**EXERCISE AIM:** Please make an exact copy of the lines from the one holding "24 Ginganup, Summerland Point NSW 2259" through the end of the data, both ends included, with no pictures.

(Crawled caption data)
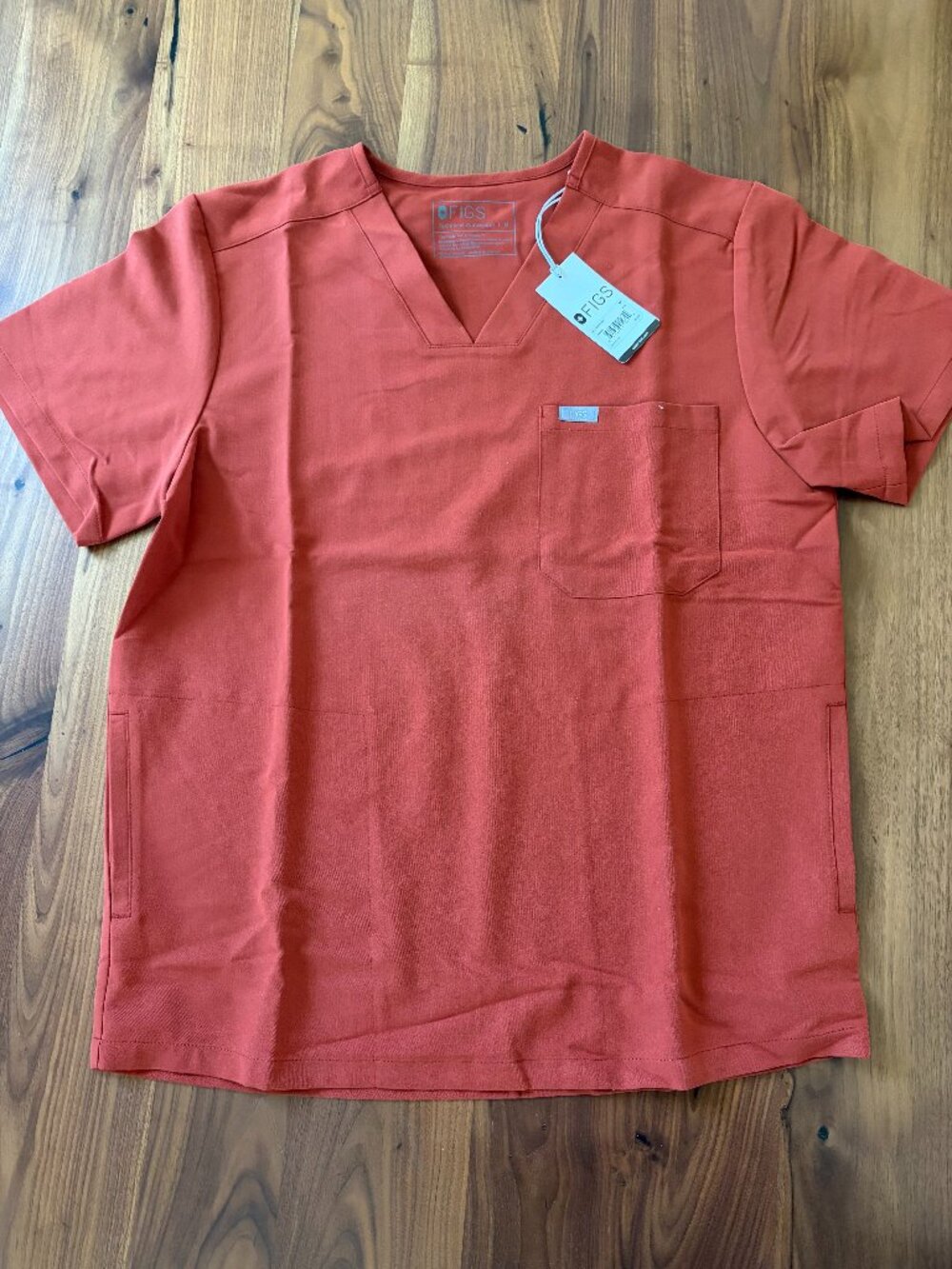 NWT FIGS Men's Scrub Set Medium - Auburn - Chisec Top & Cairo Cargo Pants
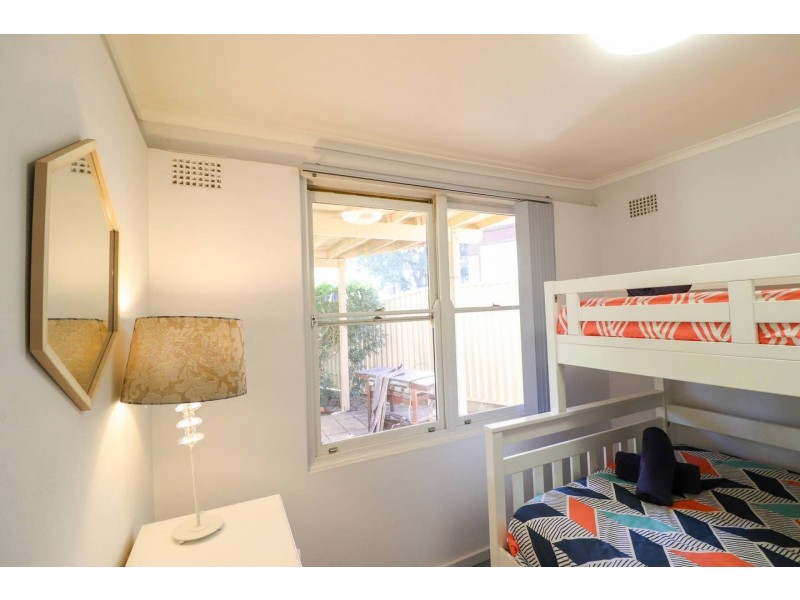 24 Ginganup, Summerland Point NSW 2259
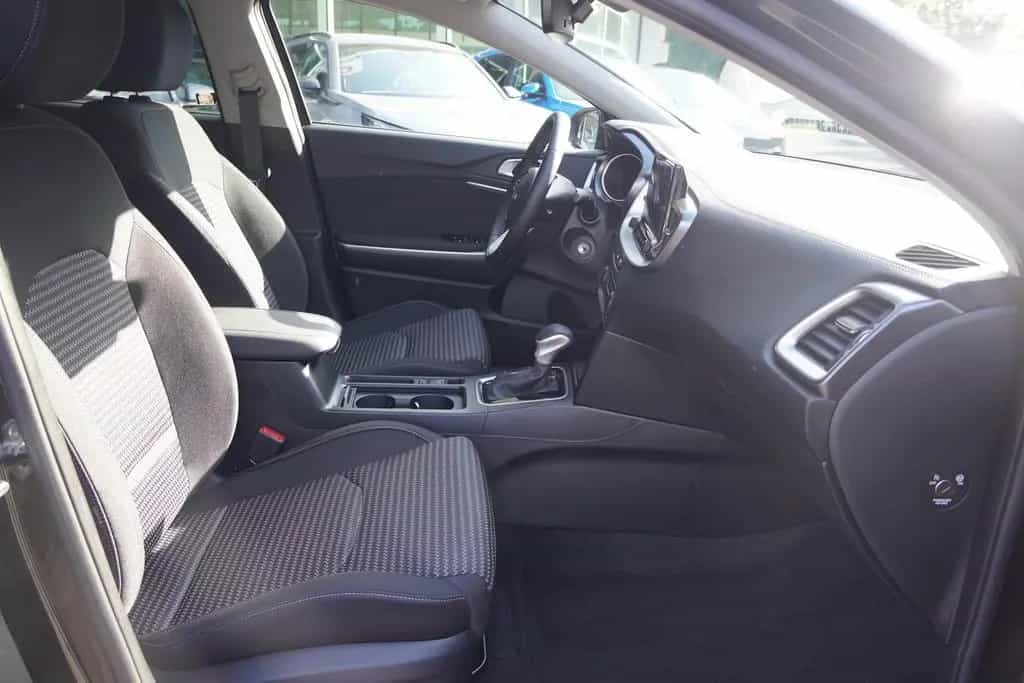 Kia XCeed 1.6 GDI Aut. LED Navi Kamera Tempomat 05/2026-photo-24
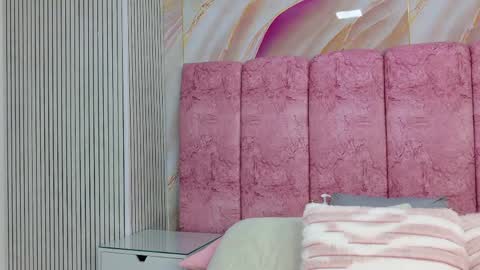 Emma online show from April 12, 2026, 3:33 am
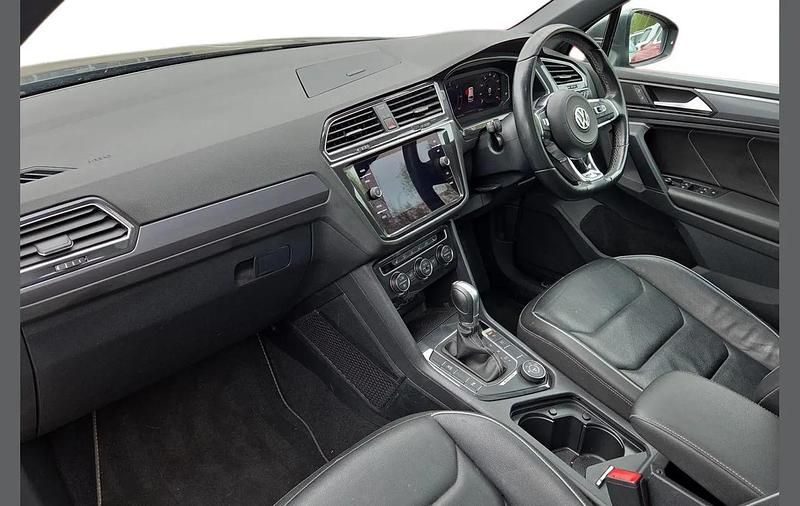 Used VW Tiguan R-line 147 HP (108 kW) 2019 Grey SUV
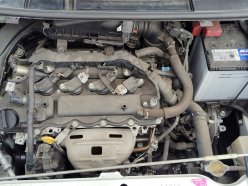 TOYOTA SPADE Х 2013
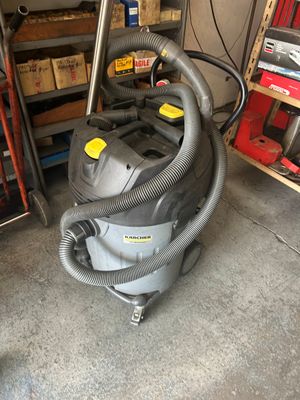 une image d'un aspirateur dans un garage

**RESPONSE TO THIS EXERCISE:**
 24 Ginganup, Summerland Point NSW 2259
 Kia XCeed 1.6 GDI Aut. LED Navi Kamera Tempomat 05/2026-photo-24
 Emma online show from April 12, 2026, 3:33 am
 Used VW Tiguan R-line 147 HP (108 kW) 2019 Grey SUV
 TOYOTA SPADE Х 2013
 une image d'un aspirateur dans un garage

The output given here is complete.